De todas las casas señoriales que en hilera jalonan la playa de Santa Marina de Ribadesella, levantadas en los inicios del siglo pasado, tras la apertura del balneario por iniciativa de los marqueses de Arguelles, mi preferida es villa Rosario.
Y no es que no me parezca encantadora la sobriedad de planta del chalet Piñan, hoy dedicado a albergue, o no me maraville el color de los azulejos del chalet verde, ni que no se me queden prendidos los ojos en la torre en esquinera ornamentada con motivos florales del chalet de los marqueses de Arguelles.

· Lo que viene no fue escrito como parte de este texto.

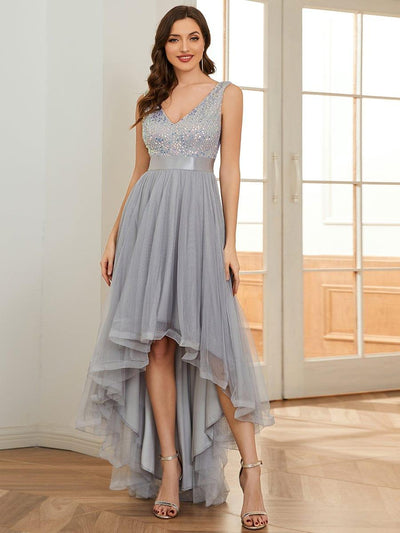Sequin V-Neck Sleeveless High Low Evening Dress #color_Silver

Y tampoco es que tenga yo afición a lo excesivo o recargado, pero esa suerte de fiesta modernista, en la que cada motivo arquitectónico pide una fotografía, me gusta tanto que no creo que sea capaz de describirla, y eso es lo que me suele ocurrir cuando me encuentro con algo que es infinitamente mejor que lo que yo jamás pueda llegar a escribir.
En Villa Rosario, actualmente reconvertida en un hotel, te quedas sin miradas para las cubiertas amansardadas con aristas, las torres asimétricas, los balcones, uno de peineta en el porche y otro adintelado al nordeste, las galerías acristaladas, tan de este clima, y las terrazas, la mayor con balaustrada, de otros climas, sus exquisitos tonos azulados inspirados en el mar cantábrico, y las tejas vitrificadas, como escamas de colores brillando al sol.

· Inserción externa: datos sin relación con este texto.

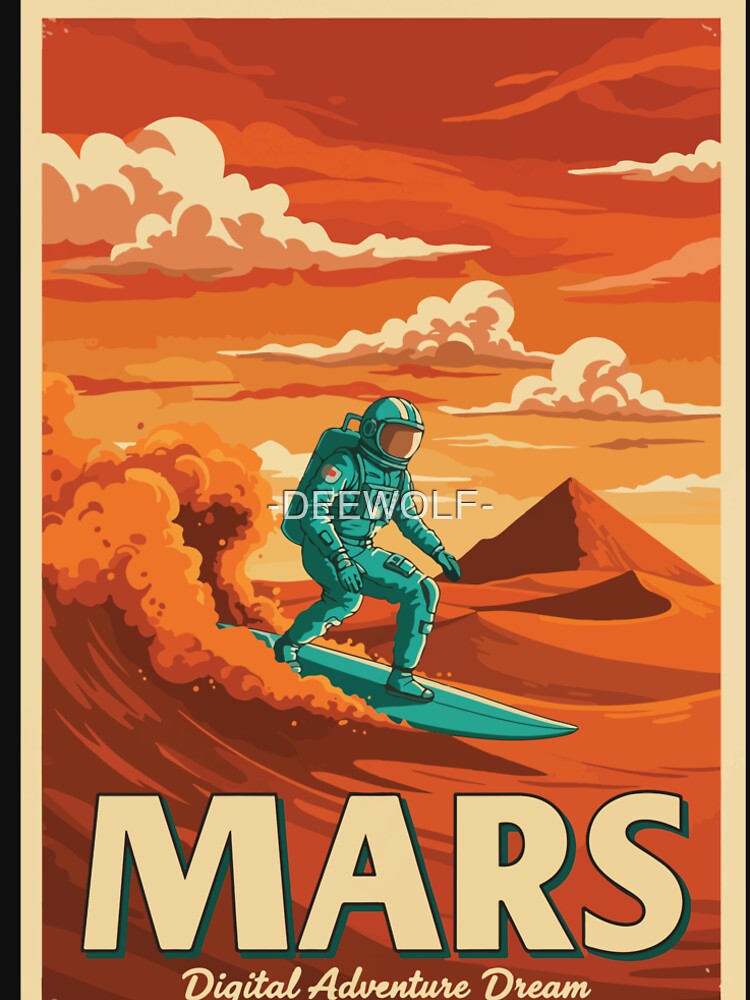 Mars Surfing Astronaut – Retro Sci-Fi Adventure Poster by -DEEWOLF-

Este palacete, villa o chalet, fue construido por un indiano natural de Margolles, Cangas de Onís, Antonio Quesada González, que muy joven emigró a Cuba, seguramente viajando en el mítico bergantín “La Habana” que partía del puerto riosellano.
Tras hacer fortuna vendiendo tabaco seco y triturado, se casa con su prima Rosario Quesada, y de vuelta a España compra, en 1912, el solar a la marquesa, y hace realidad su sueño, al que da el nombre de su esposa: Rosario.

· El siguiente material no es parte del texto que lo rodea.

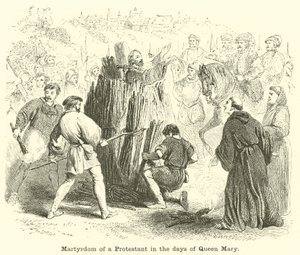 Martirio de un protestante en los días de la reina María de English School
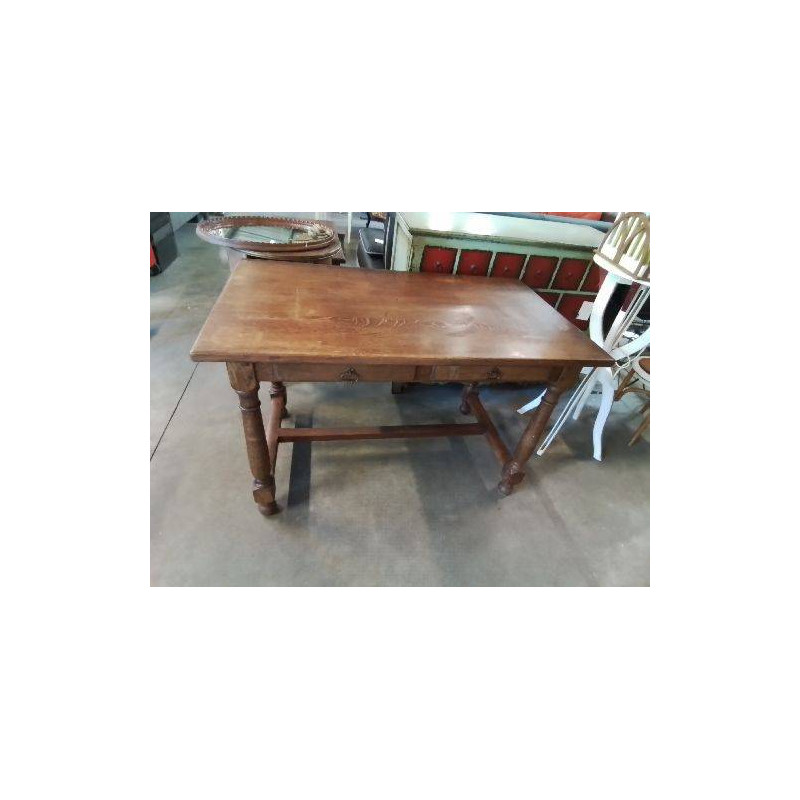 TABLE RECTANGULAIRE 2 TIROIRS A ENTRETOISE PIEDS TOURNÉS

No hay conformidad sobre quién fue el arquitecto de tan apabullante mansión, unos textos recogen que se trató de Manuel del Busto, otros se la adjudican a José Quesada Espulgas, hermanastro de su mujer, pero fuera uno u otro, cuentan que el indiano, a la vista del gran despliegue de elementos decorativos, le espetó: “Para, no añadas más cosas, que ya me he cansado”.
Orillando un visible atentado arquitectónico, todas estas edificaciones que se alzan en la playa de Santa Marina, donde suavemente desemboca el Sella conformando un precioso estuario, se combinan entre sí y siguen inalterables, ofreciendo un escaparate de la suntuosidad, vistosidad y coquetería de la construcción indiana.
Y como final de este paseo, les recomiendo volver por la calle interior, para apreciar las fachadas orientadas al mediodía.